Watch Me Fall (Ross Siblings, #5)(20)
Silence stretched out between the two of them, filled with only crickets and frogs and the lowing of a distant cow. True to her ground rules, Starla didn’t say anything, but he felt her looking at him.
“From her hospital bed, Macy told me to get out of her life. I didn’t want to, but I listened. Shelly…she was a rebound. Simple as that. We were careless, and she got pregnant. I thought marrying her was the right thing to do, the right thing for the daughters we knew we were having. Hell, maybe it was—I don’t even know. Maybe we should’ve tried harder to make it work for them if not for us. For a while, we did. But when everything you have is built on a lie, the truth comes out eventually, whether you want it to or not.”
“The truth that you’re still in love with Macy?”
He wanted to move, to fidget, to shift his weight, to turn the blunt question aside—but Starla was watching him like…like Shelly used to whenever Macy’s name came up. “She decided I was.”
“Were you? Are you?”
“Hey, I thought you weren’t going to ask questions.”
“All right,” she said innocently, relieving him from the weight of her assessing eyes and looking up at the sky again with a little smile curving her full lips.
“Now. It’s my turn.”
“Ugh. You don’t even have to ask. You know everything you need to know about Max—”
“Brian.”
The bottle actually slipped from her fingers, and for a second, she fought to reclaim her grip on it. He drank from his own, respectfully letting her recover without staring her down the way she’d done him.
“Um, I don’t know why you’d—”
“If I didn’t know from the way you can barely say his name, your reaction right then clued me in.”
“I—just—no. I can’t go there.”
“Starla,” he said gently, “it’s okay. We’re only talking here.”
“He’s married and he has a newborn baby. Please don’t think that I would ever do anything to mess that up for him.” The horror on her face made him feel like a colossal *. He shouldn’t have done this to her, but now that the subject had been broached, he realized why he’d been so uneasy about it, why he’d needed to know.
“I didn’t think you would.” It was the truth, but it was more that he hadn’t wanted to think she would.
“Because I swear on every star above us, I would never do that.”
“Tell me.”
She drew a deep breath, and even here in the golden glow of his deck lighting, he could see the pink tint of her skin. He could discern the tiny tremble in her hands and imagine her heart was about to tear its way right out of her chest. Had she never been called on this before? Never shared it with anyone, keeping it all bottled up? It must eat her alive. He knew. He’d been there.
“It started as soon as I met him. But we’ve never been anything more than friends. He met Candace.

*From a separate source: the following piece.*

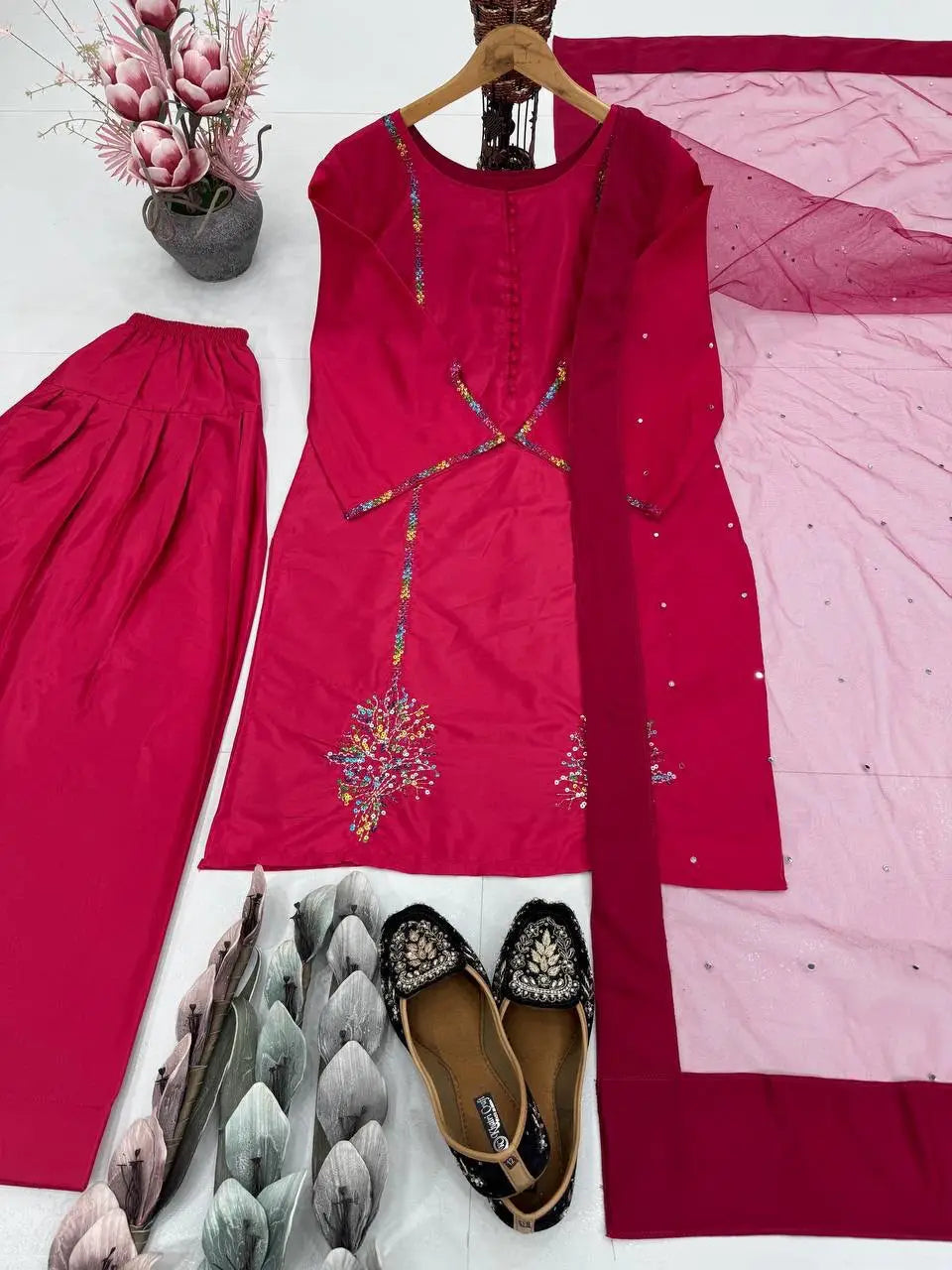 Top Pent Dupatta Set for Women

He fell in love with her, and he married her, and he had a baby with her, and I have to see how happy they are almost every single day of my life. The end.”
“Ouch,” he said after a moment. It was bad enough that he’d lost Macy. If he had to see her with Ghost, day in and day out, he didn’t know how he would handle it.
“And it’s okay, you know? I mean, it’s not, it hurts like hell, but I’m not such a sleazeball that I’m not happy for him. He’s found everything he wants, and that’s, like, miraculous. He deserves it.”
“Still trying to convince yourself?”
She chuckled sadly. “Yeah, maybe.”
“All right, enough of that. I’m sorry it’s a situation that causes you pain.”
“Thanks.” Her relief obvious, she took a long pull on her beer.
“And this other guy, the one I rescued your purse from?”
“He’s nothing. Nothing. Just another terrible mistake on my part.”
“Glad to hear it.” Jared still felt the slow burn of anger creep through his veins. “How long had you been seeing him? Surely that wasn’t a first date or anything.”
“No, a few weeks. It was pretty casual, the occasional hookup. But it’s done.”
If the dude was that bad on a casual hookup, Jared would hate to see how he treated someone he was in a relationship with.
“I’m pretty much swearing off men for a while,” she announced.
Something akin to disappointment flashed through him. That didn’t make any sense, though, did it? Regardless, it was a shame that someone like her, who obviously had so much to offer, kept having such horrible experiences that she was ready to give up altogether. Even if he had done something similar himself, though for different reasons. “Is that necessary? I’m sorry that you’ve had a rough time of it, but surely you know there are good guys out there. Hell, I like to think I’m not that bad myself, but I guess my record might say otherwise too.”
“Have you dated much since your divorce?”
“I went out with someone a few times. It didn’t go anywhere.”
“What are you waiting for, then?”
Someone who makes me feel like Macy always did. He shrugged. “The right person, I guess. I don’t know.”